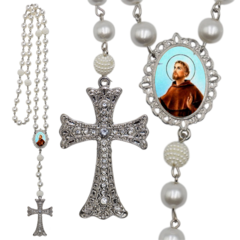 Terço Noiva Prata São Francisco Casamento Relicario em Perolas 12mm Homenagem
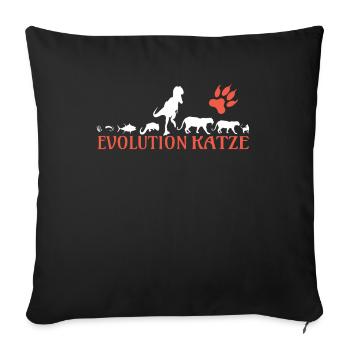 Cat Friend, Cat Accessories Gift - Sofa pillowcase 17,3'' x 17,3'' (45 x 45 cm) - black - Front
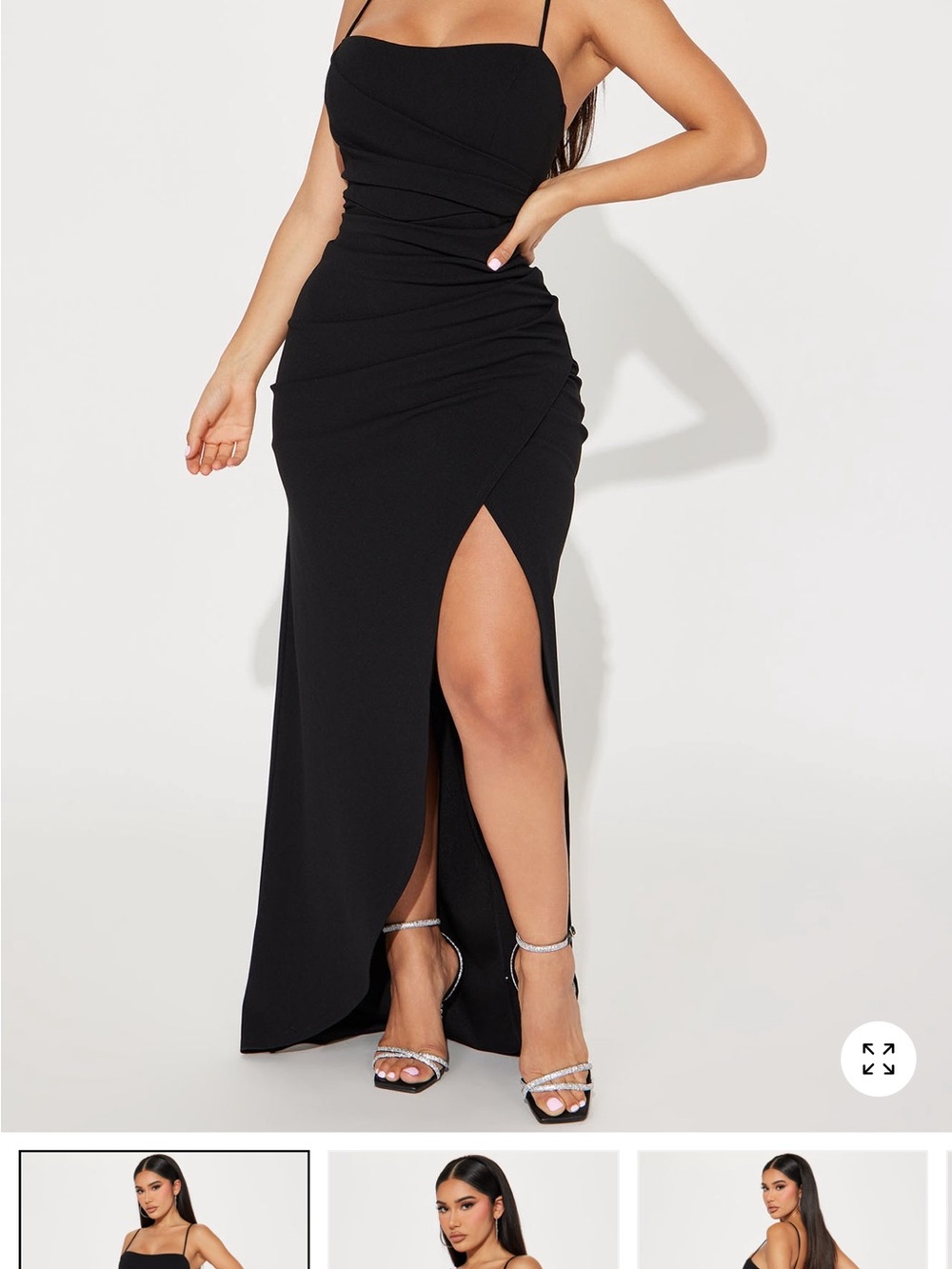 Black Ruched High-Slit Maxi Skirt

- TASK ITEM
What's needed is a word-for-word retyping of the listing, minus its pictures.

- SOLVED EXERCISE
 Terço Noiva Prata São Francisco Casamento Relicario em Perolas 12mm Homenagem
 Cat Friend, Cat Accessories Gift - Sofa pillowcase 17,3'' x 17,3'' (45 x 45 cm) - black - Front
 Black Ruched High-Slit Maxi Skirt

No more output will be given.